(Short descriptive text snippets)
⟨

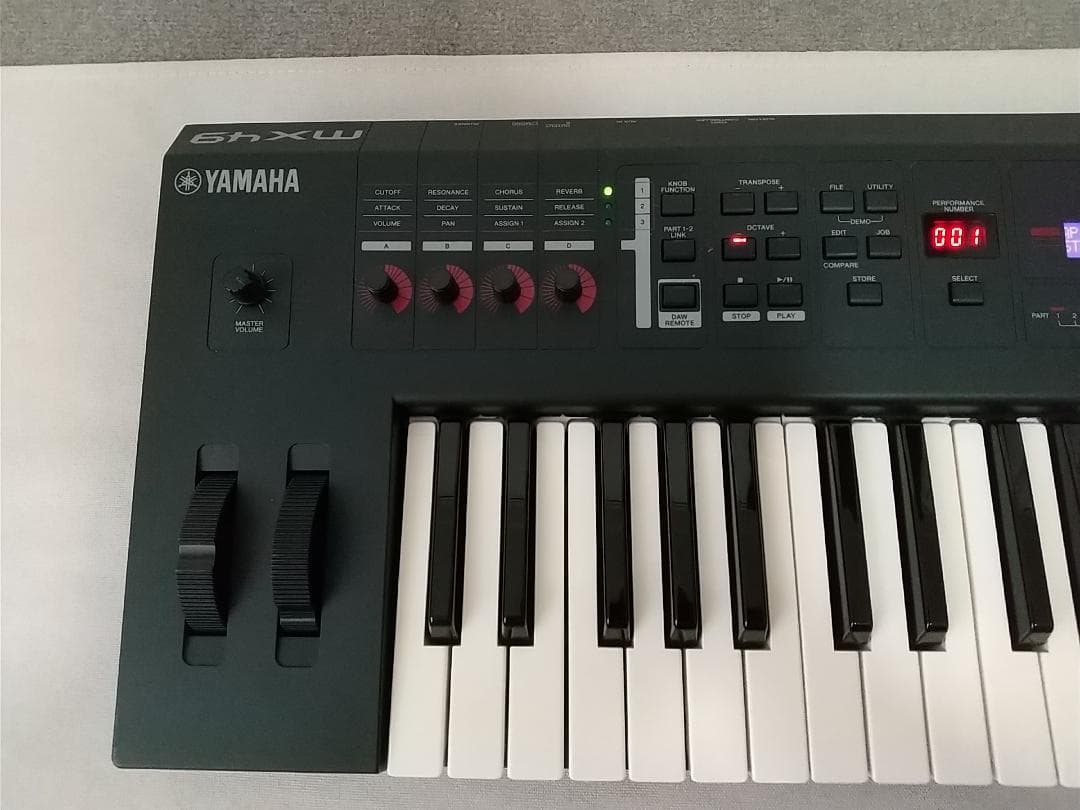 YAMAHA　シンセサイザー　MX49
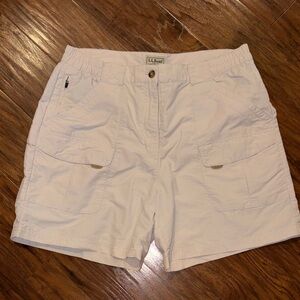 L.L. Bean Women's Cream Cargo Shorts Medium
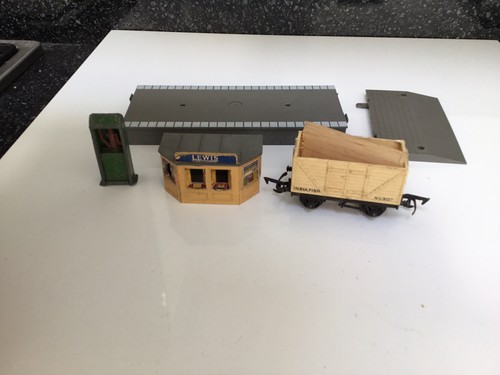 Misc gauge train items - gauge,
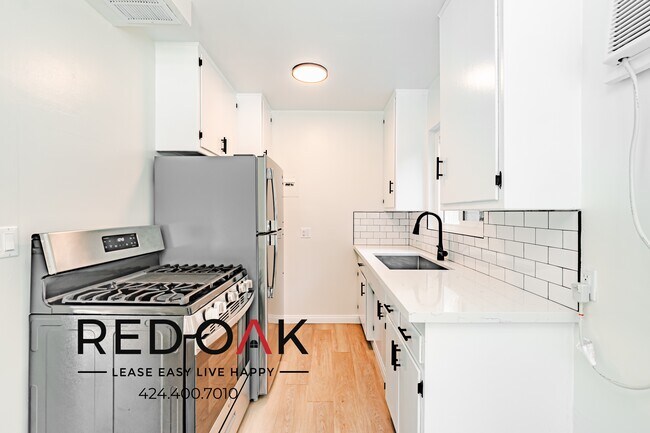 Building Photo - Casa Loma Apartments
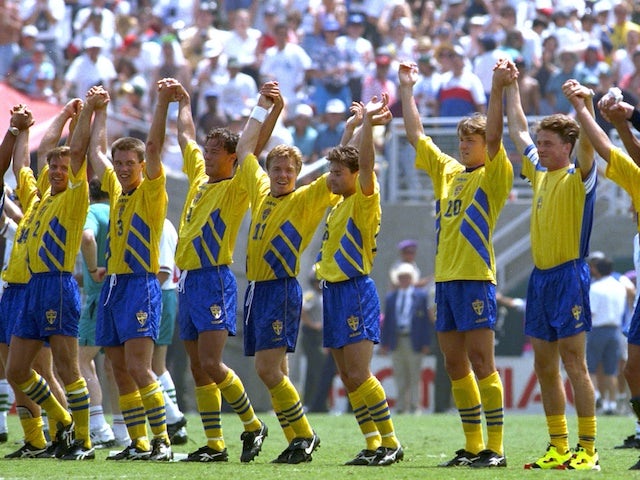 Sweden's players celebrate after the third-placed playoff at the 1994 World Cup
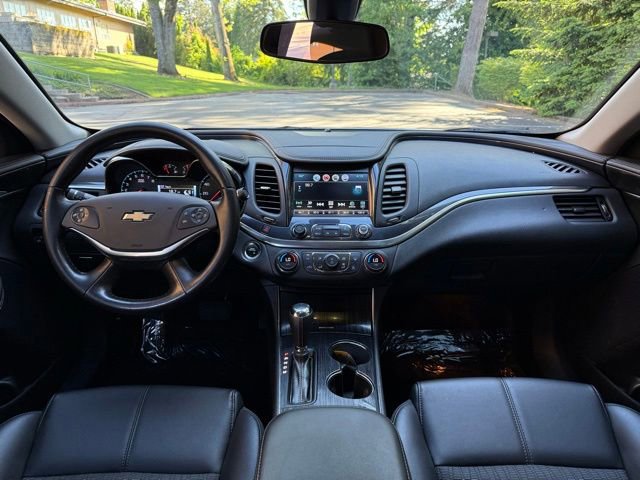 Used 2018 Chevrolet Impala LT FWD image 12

⟩

Your task: Please return only the lines running from the line with "Building Photo - Casa Loma Apartments" to the final line of the data, both included, exactly and without any pictures.

Solution to the problem:
 Building Photo - Casa Loma Apartments
 Sweden's players celebrate after the third-placed playoff at the 1994 World Cup
 Used 2018 Chevrolet Impala LT FWD image 12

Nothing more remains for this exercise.